Sunday, March 25, 2007

What Makes A Nation?

Whenever I hear advocates for legitimizing illegal immigration, I have to remind people of Japan, South Korea and Israel. All of these countries were poor. Japan is a nation of few natural resources.

The Japanese people have always been afraid of poverty. So afraid in fact, that they developed a work ethic that is so intense and remarkable that it propelled them from a poverty stricken nation to a world power.

Japan was a world power before and during World I and World War II and they are an economic power today. When they were poor and struggling, what international agency helped them? What UN mandate? What foreign agency loaned them money during their rise from poverty to riches?

How many Japanese are illegal immigrants anywhere in the world? I'll tell you. The answers are none, none, none and no one. The Japanese people have earned everything they have. Even in America; few, if any, Japanese are in our prisons or on the welfare rolls. Even though they were horribly discriminated against in this country, they went to war as Americans and fought and died with honor. They are and always will be one of the greatest nation of people on this planet.

Let's turn to South Korea, another great nation of people. South Korea was decimated during the communist incursion into Southeast Asia. Yet, in less than 30 years, they have managed to use all the resources they could find to raise themselves from the bottom to an economic powerhouse. Like the Japanese, there are few, if any, South Koreans in American prisons or on welfare and none, to my knowledge, are here illegally.

What did these 2 former Third World nations, that are now first world, have in commom that is severely lacking in South America, Mexico and a host of other countries? The answer in 3 words is honest, dedicated, leadership. Their governments were not corrupt, ineffective and self-serving.

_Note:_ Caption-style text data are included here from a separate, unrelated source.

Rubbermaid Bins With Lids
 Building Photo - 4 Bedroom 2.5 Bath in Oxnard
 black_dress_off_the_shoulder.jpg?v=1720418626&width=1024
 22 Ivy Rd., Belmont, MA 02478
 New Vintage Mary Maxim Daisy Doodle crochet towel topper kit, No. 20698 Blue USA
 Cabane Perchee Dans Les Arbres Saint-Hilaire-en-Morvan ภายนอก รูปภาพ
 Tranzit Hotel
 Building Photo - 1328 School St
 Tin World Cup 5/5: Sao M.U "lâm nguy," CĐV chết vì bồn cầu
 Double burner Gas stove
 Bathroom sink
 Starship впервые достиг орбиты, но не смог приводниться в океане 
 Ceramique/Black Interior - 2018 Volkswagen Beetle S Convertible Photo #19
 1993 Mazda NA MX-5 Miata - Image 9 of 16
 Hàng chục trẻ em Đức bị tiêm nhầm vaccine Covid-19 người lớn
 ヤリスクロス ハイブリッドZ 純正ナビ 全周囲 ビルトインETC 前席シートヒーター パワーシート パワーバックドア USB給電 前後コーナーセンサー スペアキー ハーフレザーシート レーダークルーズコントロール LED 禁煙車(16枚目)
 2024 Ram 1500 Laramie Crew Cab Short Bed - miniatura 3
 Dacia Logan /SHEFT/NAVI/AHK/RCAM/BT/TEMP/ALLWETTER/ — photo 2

Their people were committed to each other and their national goals. They worked as a nation and not as individuals. All for one and one for all. When I hear Latinos talking about their countries, I always ask them, "What did your government do to make things better?" "What did the govern do to end government corruption and abuse at the highest level"? I rarely get a straight answer. What I always get is what happened during and after the Spanish occupation.

What makes America great is not our natural resources, its our people. What makes any country great are its people. If natural resources were the key to greatness, The Soviet Union would still be here and would be the greatest and most powerful nation on this earth. The Soviet Union failed and is now a distant memory. It's not religion. Muslims are some of the most religious people on this planet and to a nation, the oil rich nations excluded, they are surviving and, in most cases, just barely.

Then, there is Israel, another great nation of people. Israel is a tiny nation that is no more than a strip of land. It is surrounded by millions of hostile Arabs. Yet this small nation of people, whose ethnicity has caused them to be butchered by the millions, is one of the richest nations on this planet. the Israeli Defense Forces are among the world's elite and its air force rivals our own. They took a barren wasteland and turned it into an oasis.

I could talk about 100 countries where people are struggling and dying rather than coming together as a nation. The answer is always the same. What makes a nation great are its people and those they choose to govern them and lead them.